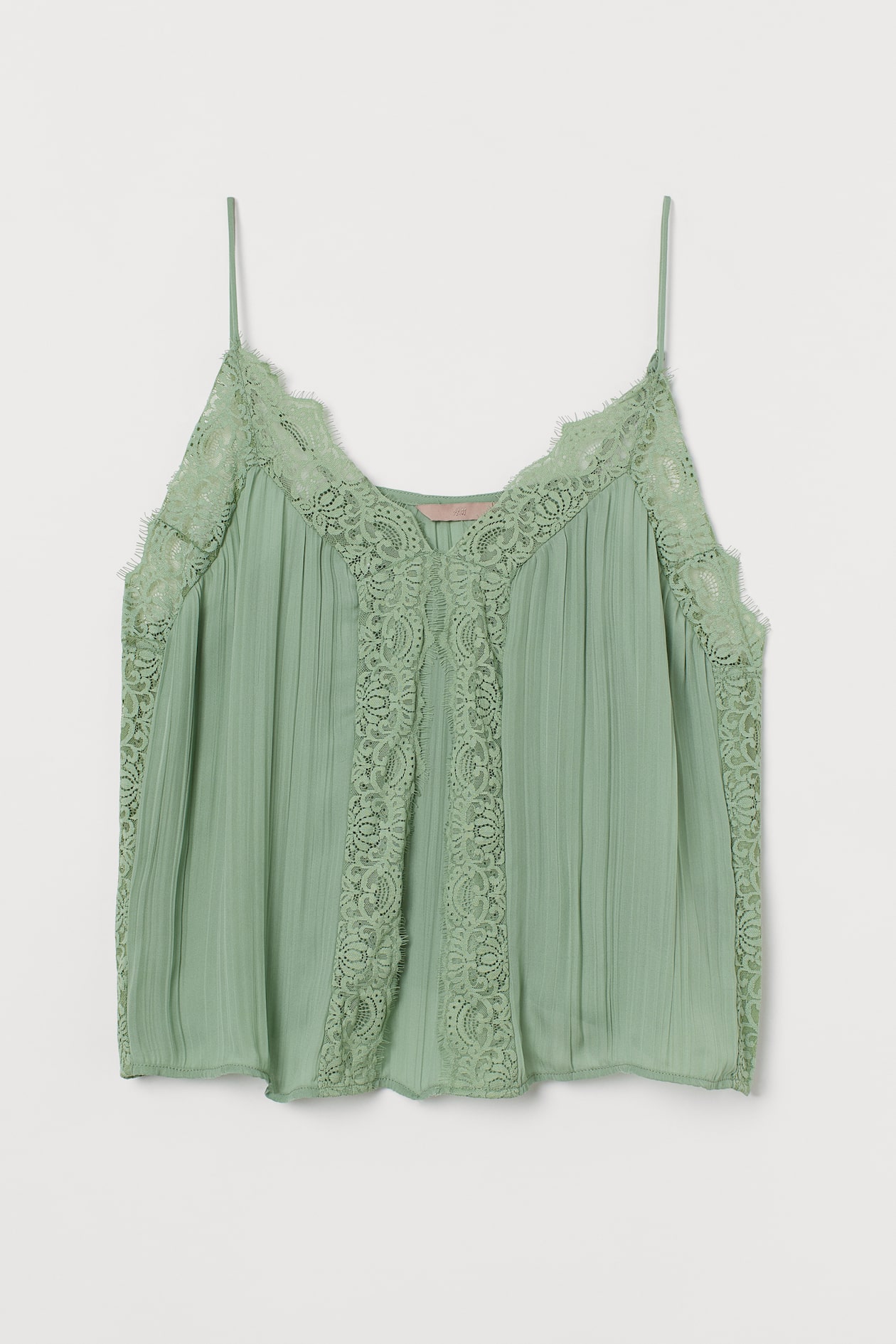 H&M+ Lace-trimmed Camisole Top - V-neck - Sleeveless - Green - Ladies ...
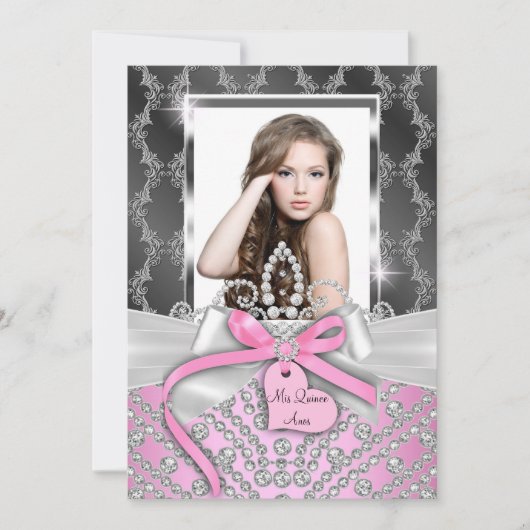 ピンクシルバーダイヤモンドボウフォトキンセアニェラ招待状 招待状 (正面)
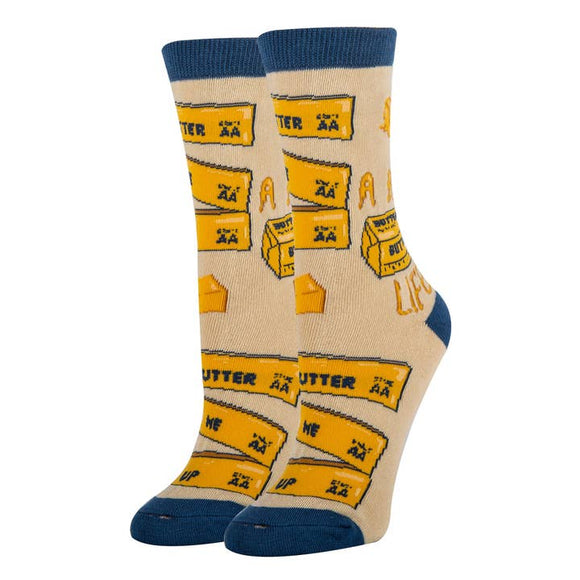 Butter Life Socks | Funny Crew Socks for Women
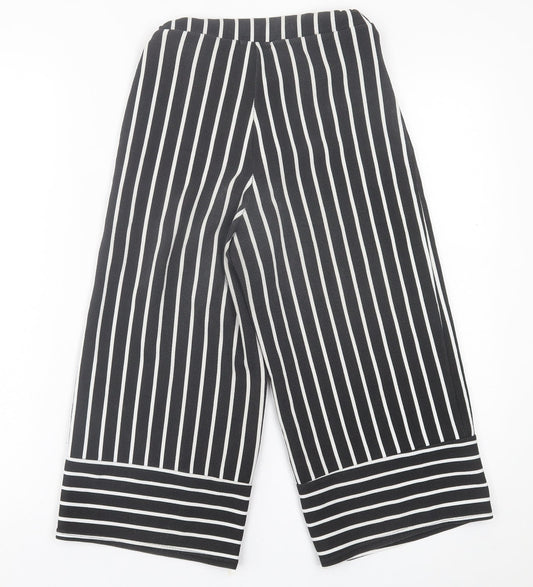 Womens UK Size 6 PRETTYLITTLETHING Regular Fit Cropped Black Trousers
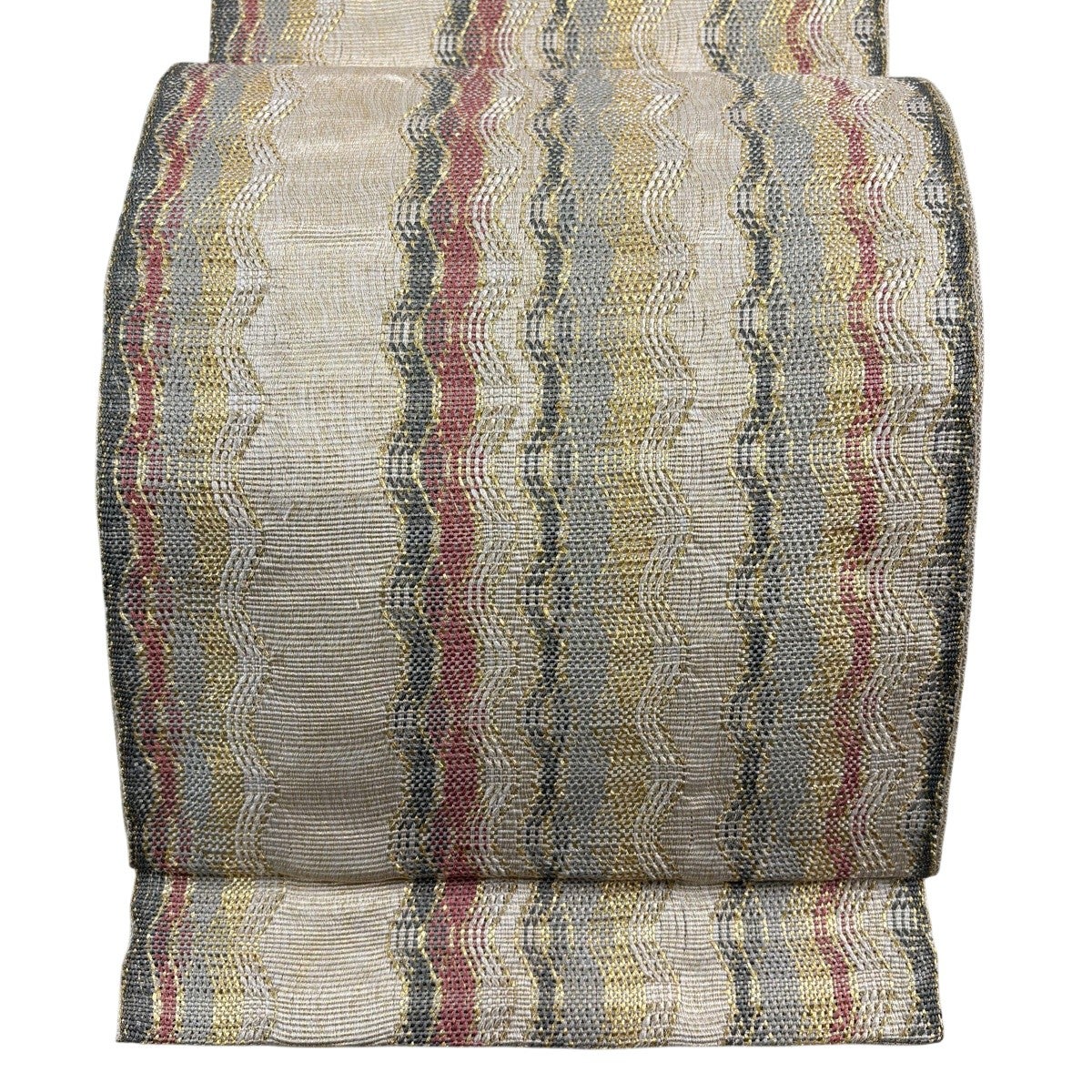 平和屋着物＊夏物　九寸名古屋帯　よろけ縞　銀糸　正絹　逸品　DABB3556cm 平和屋着物＊夏物 九寸名古屋帯 よろけ縞 銀糸 正絹 逸品 DABB3556cm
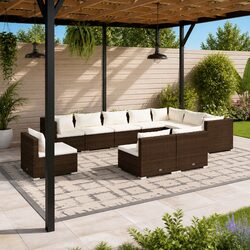 10 Piece Modular Outdoor Lounge Set, Compact & Sturdy
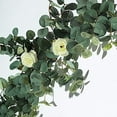 thumbnail image 6 of Balsa Circle 6 feet Frosted Green Artificial Eucalyptus Leaves Ivory Roses Flowers Vine Greenery Garland Wedding, 6 of 8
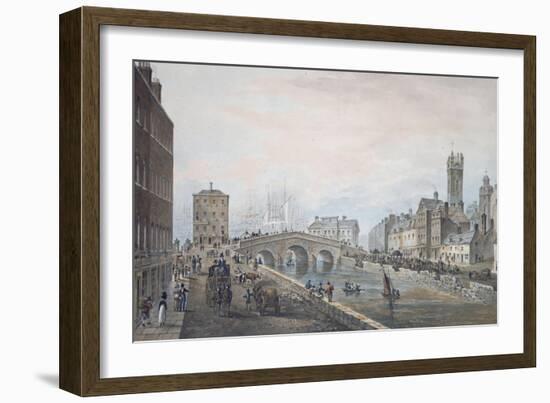 Matthew Bridge and the Customs House, with the Tower of St. Marys Cathedral, 1819-Samuel Frederick Brocas-Framed Giclee Print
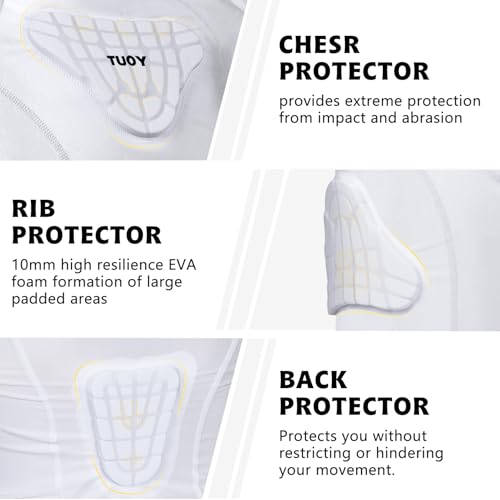 Youth Padded Compression Shirt Vest Rib Chest Protector Football Baseball - color: Padded Vest White, size: Small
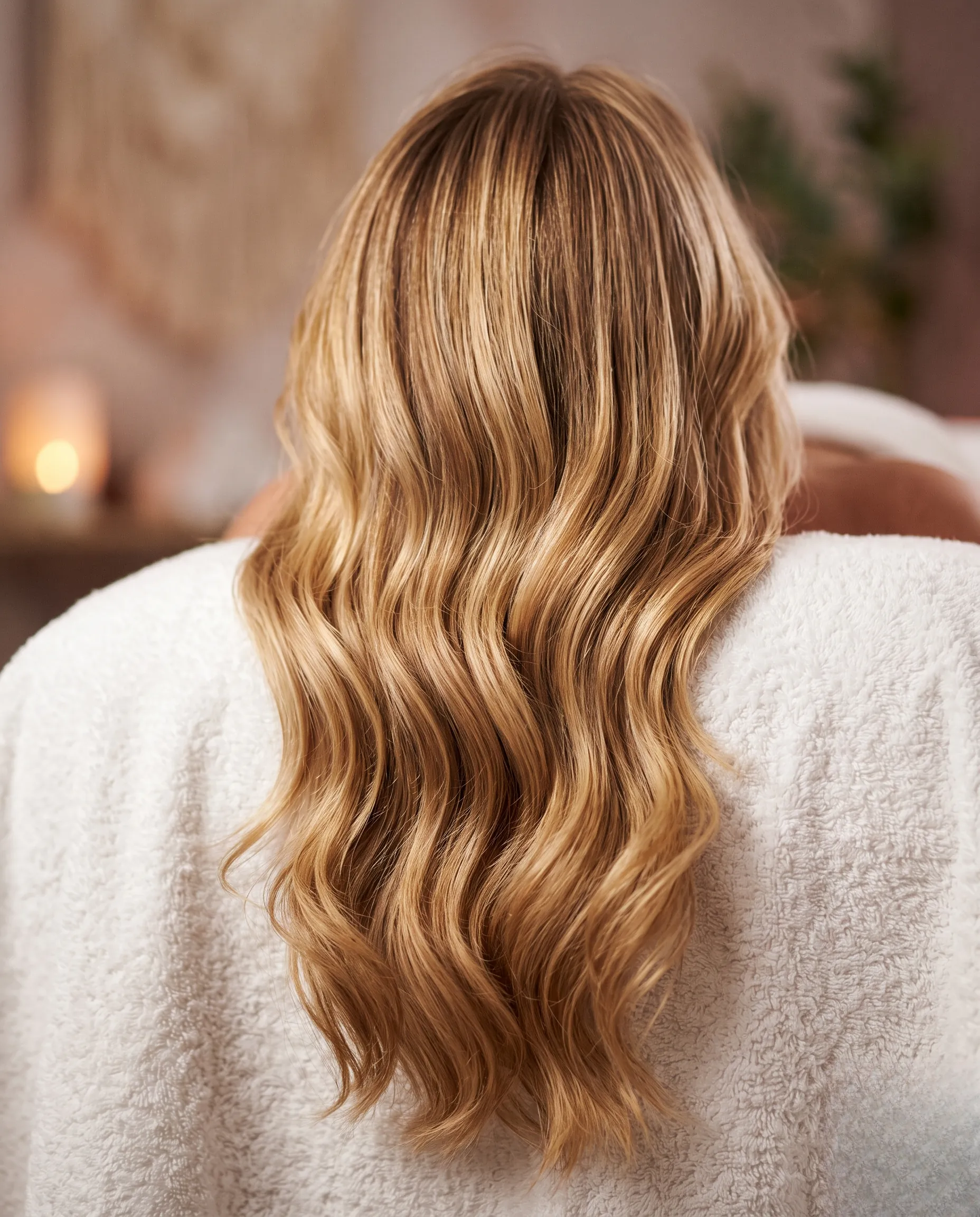 Vue rapprochée de dos mettant en valeur la cascade de cheveux blonds balayés sur fond blanc épuré.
------------------------------------------------------------------------
● **What you need to do**: Drop the pictures, then reproduce exactly the lines from the one with "Butter Life Socks" through the final line of the listing.

● **Answer to the exercise**:
 Butter Life Socks | Funny Crew Socks for Women
 Womens UK Size 6 PRETTYLITTLETHING Regular Fit Cropped Black Trousers
 平和屋着物＊夏物　九寸名古屋帯　よろけ縞　銀糸　正絹　逸品　DABB3556cm 平和屋着物＊夏物 九寸名古屋帯 よろけ縞 銀糸 正絹 逸品 DABB3556cm
 10 Piece Modular Outdoor Lounge Set, Compact & Sturdy
 thumbnail image 6 of Balsa Circle 6 feet Frosted Green Artificial Eucalyptus Leaves Ivory Roses Flowers Vine Greenery Garland Wedding, 6 of 8
 Matthew Bridge and the Customs House, with the Tower of St. Marys Cathedral, 1819-Samuel Frederick Brocas-Framed Giclee Print
 Youth Padded Compression Shirt Vest Rib Chest Protector Football Baseball - color: Padded Vest White, size: Small
 Vue rapprochée de dos mettant en valeur la cascade de cheveux blonds balayés sur fond blanc épuré.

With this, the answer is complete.